Ethridge moved to Brownwood with his mother, Pamela, and took a job at a movie theater. He said he would drive to San Angelo on weekends and hang out with some old friends.
After a fight with his mother, he moved in with his friends in San Angelo.
"I just did nothing for a month but smoke weed and blitz my mind. At the end of that month, I was so done with it," he said.
"And this is what my family really can't understand, and I don't even understand it. I got in my truck. I think all I had was my backpack and my books in it. I tied up my blanket with a shoestring and put it in the backseat, and I drove west until I ran out of gas."
Ethridge nearly made it to El Paso before his truck finally sputtered to a stop on the side of the highway.
"I slept that night in the backseat of my truck.

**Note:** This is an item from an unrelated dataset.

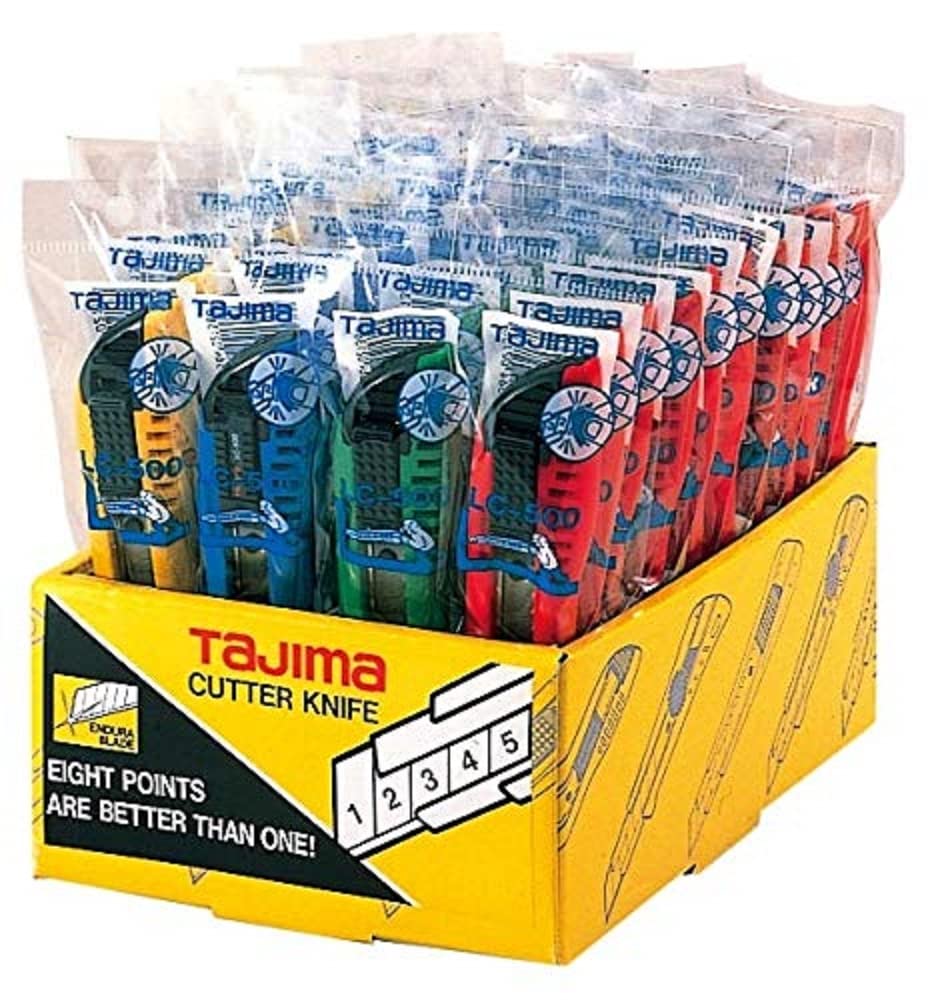 Tajima Display mit 40 Cuttern (Cuttermesser mit Endura-Klingen, Klingenbreite 18mm) LC500C40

I got up the next morning and hitchhiked into El Paso," Ethridge said. "I got picked up by an 18-wheeler, and the guy cleaned his truck out and gave me about $10. I wandered around El Paso all day and slept under a bridge."
Ethridge was now wandering farther than he ever had before both physically and mentally and he was in danger of drifting too far.
"That night, I climbed on top of an abandoned building to sleep. I had shorts on, and as I laid down some fiberglass dug into my thigh and my calf, and I screamed out, 'God, where are you?' and I mean I screamed it. And for the first time and the only time ever, I heard the audible voice of God. People are going to think I'm crazy, but I don't care.
"He said, 'Why are you running?' And when God speaks to you, it's like rivers of water running through every facet of you, and I knew what He meant. Here I was thinking I'd been running from marijuana or heartache or depression or suicidal thoughts, but I was actually running from God. ... I realized I'd been running from God my whole life."
Ethridge climbed down from the roof, walked to the closest hotel and called his mother, who bought him a room for the night.
"And that's when my life started changing," Ethridge said.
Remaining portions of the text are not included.